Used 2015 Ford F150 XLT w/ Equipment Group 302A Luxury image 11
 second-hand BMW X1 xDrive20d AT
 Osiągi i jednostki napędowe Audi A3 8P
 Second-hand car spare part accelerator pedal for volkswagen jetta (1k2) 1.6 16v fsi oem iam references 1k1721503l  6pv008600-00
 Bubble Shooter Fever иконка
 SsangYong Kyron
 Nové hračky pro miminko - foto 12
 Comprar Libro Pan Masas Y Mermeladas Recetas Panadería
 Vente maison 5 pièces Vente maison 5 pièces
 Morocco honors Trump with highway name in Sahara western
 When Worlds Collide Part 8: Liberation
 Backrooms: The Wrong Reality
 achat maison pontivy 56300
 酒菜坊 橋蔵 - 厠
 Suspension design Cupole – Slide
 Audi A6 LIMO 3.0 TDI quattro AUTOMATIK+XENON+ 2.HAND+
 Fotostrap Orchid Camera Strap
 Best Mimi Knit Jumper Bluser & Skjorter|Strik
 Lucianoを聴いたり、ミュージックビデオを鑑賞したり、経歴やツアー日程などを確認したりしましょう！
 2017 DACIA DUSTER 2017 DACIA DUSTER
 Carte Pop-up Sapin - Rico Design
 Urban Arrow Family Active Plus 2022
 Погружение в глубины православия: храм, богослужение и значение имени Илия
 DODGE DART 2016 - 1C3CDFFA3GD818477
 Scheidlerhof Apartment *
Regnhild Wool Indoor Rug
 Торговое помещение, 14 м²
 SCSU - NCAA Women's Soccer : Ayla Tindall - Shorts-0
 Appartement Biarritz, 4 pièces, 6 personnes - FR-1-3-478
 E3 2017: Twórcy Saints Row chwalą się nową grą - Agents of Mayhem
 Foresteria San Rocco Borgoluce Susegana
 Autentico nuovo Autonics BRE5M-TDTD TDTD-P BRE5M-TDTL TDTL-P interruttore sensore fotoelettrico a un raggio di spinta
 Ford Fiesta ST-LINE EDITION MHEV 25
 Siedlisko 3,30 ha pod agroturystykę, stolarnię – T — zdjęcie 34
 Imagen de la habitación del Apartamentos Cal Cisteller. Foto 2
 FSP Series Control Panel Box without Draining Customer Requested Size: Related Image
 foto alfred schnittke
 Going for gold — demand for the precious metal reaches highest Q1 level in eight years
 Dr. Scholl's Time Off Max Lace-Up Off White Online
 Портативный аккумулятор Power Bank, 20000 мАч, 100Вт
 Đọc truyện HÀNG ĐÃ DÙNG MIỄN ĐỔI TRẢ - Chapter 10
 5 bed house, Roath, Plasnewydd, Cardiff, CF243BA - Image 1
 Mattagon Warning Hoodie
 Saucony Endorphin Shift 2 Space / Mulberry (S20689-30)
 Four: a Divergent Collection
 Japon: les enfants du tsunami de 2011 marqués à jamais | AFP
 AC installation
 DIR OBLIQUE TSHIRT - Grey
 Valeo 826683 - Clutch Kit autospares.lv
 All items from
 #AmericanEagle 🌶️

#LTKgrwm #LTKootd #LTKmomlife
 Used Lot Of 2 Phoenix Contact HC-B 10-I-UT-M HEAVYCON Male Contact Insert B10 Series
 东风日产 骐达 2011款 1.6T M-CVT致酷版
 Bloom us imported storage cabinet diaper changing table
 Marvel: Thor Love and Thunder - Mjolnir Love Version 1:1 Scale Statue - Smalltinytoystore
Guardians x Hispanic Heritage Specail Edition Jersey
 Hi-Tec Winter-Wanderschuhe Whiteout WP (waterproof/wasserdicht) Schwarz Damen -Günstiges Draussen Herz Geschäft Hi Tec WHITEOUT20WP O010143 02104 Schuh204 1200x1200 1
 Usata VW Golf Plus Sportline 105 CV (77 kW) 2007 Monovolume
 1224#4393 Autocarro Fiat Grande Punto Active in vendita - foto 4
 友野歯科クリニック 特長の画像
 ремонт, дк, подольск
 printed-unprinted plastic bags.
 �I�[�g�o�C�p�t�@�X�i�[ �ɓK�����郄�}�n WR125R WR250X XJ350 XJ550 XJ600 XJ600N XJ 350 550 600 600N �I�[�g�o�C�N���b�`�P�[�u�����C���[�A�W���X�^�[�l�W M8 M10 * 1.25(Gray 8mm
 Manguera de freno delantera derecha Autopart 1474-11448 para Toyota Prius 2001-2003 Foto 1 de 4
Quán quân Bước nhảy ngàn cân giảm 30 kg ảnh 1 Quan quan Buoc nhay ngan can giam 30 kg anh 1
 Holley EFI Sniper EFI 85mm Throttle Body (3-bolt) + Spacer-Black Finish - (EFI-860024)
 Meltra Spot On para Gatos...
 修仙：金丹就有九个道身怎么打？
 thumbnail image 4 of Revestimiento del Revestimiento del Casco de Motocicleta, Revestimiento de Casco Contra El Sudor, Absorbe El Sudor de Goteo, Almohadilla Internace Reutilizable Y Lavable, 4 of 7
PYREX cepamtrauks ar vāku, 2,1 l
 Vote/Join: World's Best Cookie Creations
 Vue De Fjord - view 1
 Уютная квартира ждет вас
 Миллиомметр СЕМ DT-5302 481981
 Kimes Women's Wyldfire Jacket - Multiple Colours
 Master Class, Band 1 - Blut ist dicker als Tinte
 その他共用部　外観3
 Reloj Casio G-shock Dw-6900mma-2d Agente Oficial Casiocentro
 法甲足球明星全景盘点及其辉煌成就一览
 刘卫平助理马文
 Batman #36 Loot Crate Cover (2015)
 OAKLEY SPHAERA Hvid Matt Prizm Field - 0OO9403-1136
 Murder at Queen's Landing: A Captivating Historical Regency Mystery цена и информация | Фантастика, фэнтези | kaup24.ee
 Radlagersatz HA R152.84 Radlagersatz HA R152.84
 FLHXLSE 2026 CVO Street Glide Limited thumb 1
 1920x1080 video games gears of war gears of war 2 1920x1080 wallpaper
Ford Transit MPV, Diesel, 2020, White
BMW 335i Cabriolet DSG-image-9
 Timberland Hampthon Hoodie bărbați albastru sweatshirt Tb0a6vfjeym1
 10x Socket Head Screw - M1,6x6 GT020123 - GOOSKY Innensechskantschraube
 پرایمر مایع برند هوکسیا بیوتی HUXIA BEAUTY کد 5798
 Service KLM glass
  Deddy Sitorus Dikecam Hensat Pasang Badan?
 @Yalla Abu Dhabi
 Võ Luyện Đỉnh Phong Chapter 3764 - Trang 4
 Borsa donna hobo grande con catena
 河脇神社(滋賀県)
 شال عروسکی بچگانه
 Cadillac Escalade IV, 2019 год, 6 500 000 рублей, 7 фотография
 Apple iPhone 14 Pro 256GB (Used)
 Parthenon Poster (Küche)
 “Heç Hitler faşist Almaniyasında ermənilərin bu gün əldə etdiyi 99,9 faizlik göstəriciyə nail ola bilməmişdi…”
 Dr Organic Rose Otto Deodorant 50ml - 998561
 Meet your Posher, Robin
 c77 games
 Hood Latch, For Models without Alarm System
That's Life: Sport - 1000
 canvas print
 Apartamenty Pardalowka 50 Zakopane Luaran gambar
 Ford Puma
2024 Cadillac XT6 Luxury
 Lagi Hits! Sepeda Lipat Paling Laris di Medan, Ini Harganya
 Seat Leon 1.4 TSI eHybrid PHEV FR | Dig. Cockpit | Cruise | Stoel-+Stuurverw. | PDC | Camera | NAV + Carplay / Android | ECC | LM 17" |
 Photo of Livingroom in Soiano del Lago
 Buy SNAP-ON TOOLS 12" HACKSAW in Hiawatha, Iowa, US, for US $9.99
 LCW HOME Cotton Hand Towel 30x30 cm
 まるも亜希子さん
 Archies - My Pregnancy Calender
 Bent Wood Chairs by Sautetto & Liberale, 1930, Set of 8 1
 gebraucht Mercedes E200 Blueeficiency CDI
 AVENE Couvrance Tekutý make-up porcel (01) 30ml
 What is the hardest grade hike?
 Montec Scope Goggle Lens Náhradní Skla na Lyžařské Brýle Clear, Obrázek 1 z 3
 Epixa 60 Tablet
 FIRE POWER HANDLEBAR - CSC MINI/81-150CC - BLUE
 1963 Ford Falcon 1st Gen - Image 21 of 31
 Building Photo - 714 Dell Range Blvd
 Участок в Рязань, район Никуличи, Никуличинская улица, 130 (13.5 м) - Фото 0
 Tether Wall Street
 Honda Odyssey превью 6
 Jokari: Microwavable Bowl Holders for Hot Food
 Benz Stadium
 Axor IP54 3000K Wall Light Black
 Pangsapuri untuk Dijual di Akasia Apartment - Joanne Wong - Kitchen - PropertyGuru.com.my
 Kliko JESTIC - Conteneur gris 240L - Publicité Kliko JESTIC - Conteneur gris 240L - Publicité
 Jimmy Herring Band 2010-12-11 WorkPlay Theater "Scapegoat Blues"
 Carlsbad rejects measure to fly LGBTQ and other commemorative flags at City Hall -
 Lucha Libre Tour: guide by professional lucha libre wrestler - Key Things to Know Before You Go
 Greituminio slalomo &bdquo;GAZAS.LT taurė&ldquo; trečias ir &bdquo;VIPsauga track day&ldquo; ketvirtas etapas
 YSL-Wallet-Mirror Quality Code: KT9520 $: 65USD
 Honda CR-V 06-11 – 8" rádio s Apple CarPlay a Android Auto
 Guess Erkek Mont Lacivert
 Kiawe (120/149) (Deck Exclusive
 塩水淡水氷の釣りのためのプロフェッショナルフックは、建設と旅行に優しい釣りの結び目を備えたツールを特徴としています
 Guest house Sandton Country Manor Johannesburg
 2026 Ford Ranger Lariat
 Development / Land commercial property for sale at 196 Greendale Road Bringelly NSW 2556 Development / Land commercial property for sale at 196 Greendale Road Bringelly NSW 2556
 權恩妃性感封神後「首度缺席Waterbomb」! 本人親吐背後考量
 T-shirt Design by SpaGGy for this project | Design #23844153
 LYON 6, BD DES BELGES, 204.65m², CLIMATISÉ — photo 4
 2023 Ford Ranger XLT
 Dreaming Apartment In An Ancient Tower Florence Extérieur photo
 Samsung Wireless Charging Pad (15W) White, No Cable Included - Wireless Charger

ACTION ITEM:
From the records above, copy only the lines starting with the line that holds "修仙：金丹就有九个道身怎么打？" and going on through the line that holds "10x Socket Head", exactly as written.

SOLUTION FOR THIS EXERCISE:
 修仙：金丹就有九个道身怎么打？
 thumbnail image 4 of Revestimiento del Revestimiento del Casco de Motocicleta, Revestimiento de Casco Contra El Sudor, Absorbe El Sudor de Goteo, Almohadilla Internace Reutilizable Y Lavable, 4 of 7
PYREX cepamtrauks ar vāku, 2,1 l
 Vote/Join: World's Best Cookie Creations
 Vue De Fjord - view 1
 Уютная квартира ждет вас
 Миллиомметр СЕМ DT-5302 481981
 Kimes Women's Wyldfire Jacket - Multiple Colours
 Master Class, Band 1 - Blut ist dicker als Tinte
 その他共用部　外観3
 Reloj Casio G-shock Dw-6900mma-2d Agente Oficial Casiocentro
 法甲足球明星全景盘点及其辉煌成就一览
 刘卫平助理马文
 Batman #36 Loot Crate Cover (2015)
 OAKLEY SPHAERA Hvid Matt Prizm Field - 0OO9403-1136
 Murder at Queen's Landing: A Captivating Historical Regency Mystery цена и информация | Фантастика, фэнтези | kaup24.ee
 Radlagersatz HA R152.84 Radlagersatz HA R152.84
 FLHXLSE 2026 CVO Street Glide Limited thumb 1
 1920x1080 video games gears of war gears of war 2 1920x1080 wallpaper
Ford Transit MPV, Diesel, 2020, White
BMW 335i Cabriolet DSG-image-9
 Timberland Hampthon Hoodie bărbați albastru sweatshirt Tb0a6vfjeym1
 10x Socket Head Screw - M1,6x6 GT020123 - GOOSKY Innensechskantschraube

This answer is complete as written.